• **What the exercise asks**
All that is wanted is the exact lines from the first line of the data below through the line with "Схема подключения BEHRINGER PPA2000BT_4", both ends included, with pictures omitted.

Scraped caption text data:
----

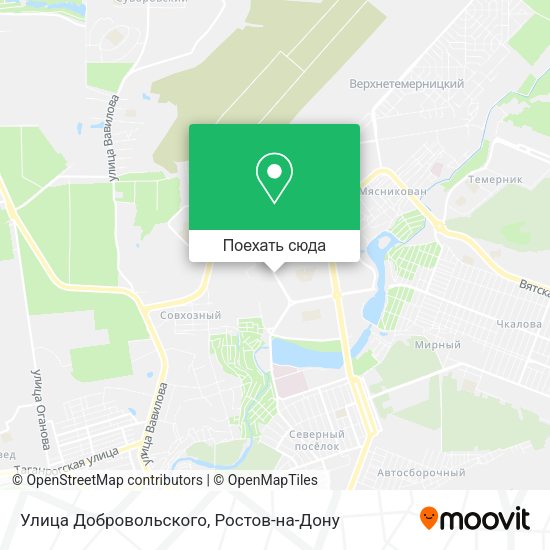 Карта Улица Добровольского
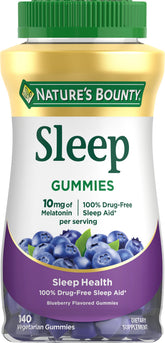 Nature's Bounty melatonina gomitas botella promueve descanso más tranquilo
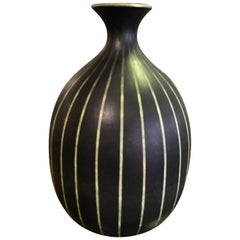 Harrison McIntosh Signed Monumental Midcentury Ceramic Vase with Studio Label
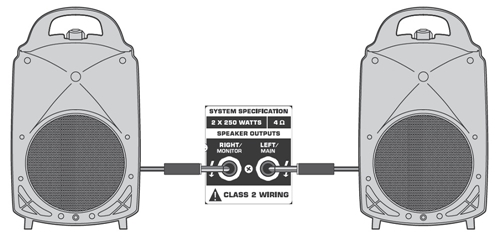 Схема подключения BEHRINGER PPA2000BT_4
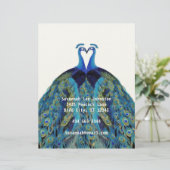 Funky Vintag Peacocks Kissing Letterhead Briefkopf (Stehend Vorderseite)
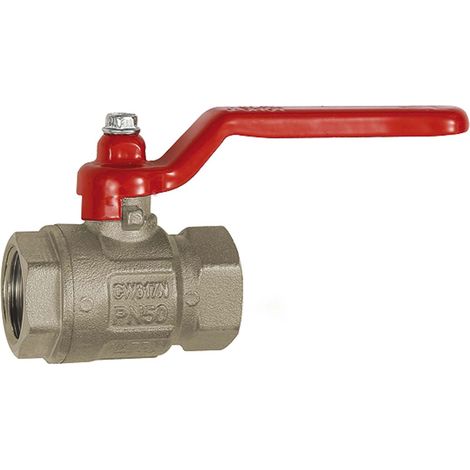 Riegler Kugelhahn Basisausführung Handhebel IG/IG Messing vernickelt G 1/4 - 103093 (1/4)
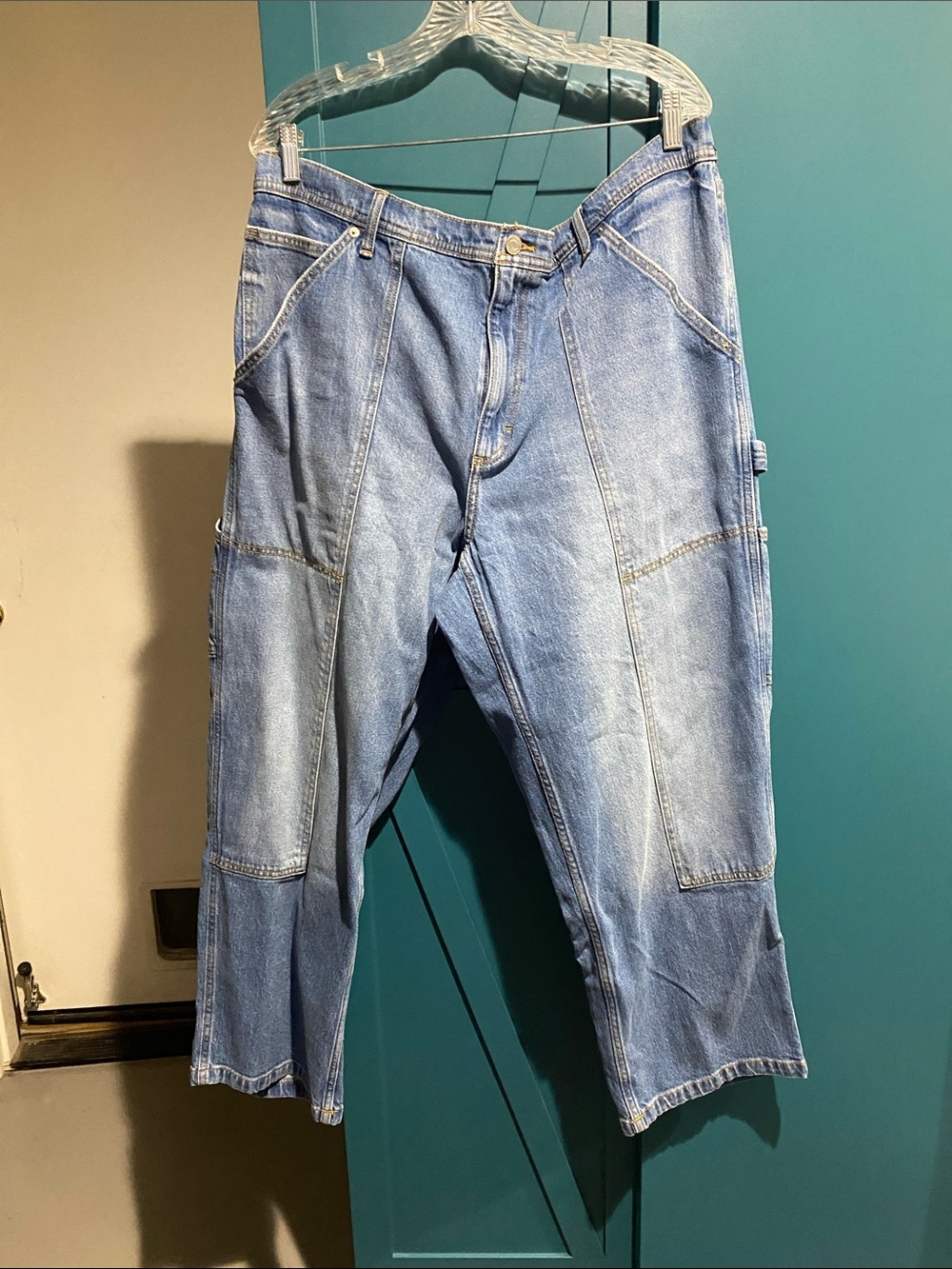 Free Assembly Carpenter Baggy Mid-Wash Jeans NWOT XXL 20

----

• **Problem solution**
 Карта Улица Добровольского
 Nature's Bounty melatonina gomitas botella promueve descanso más tranquilo
 Harrison McIntosh Signed Monumental Midcentury Ceramic Vase with Studio Label
 Схема подключения BEHRINGER PPA2000BT_4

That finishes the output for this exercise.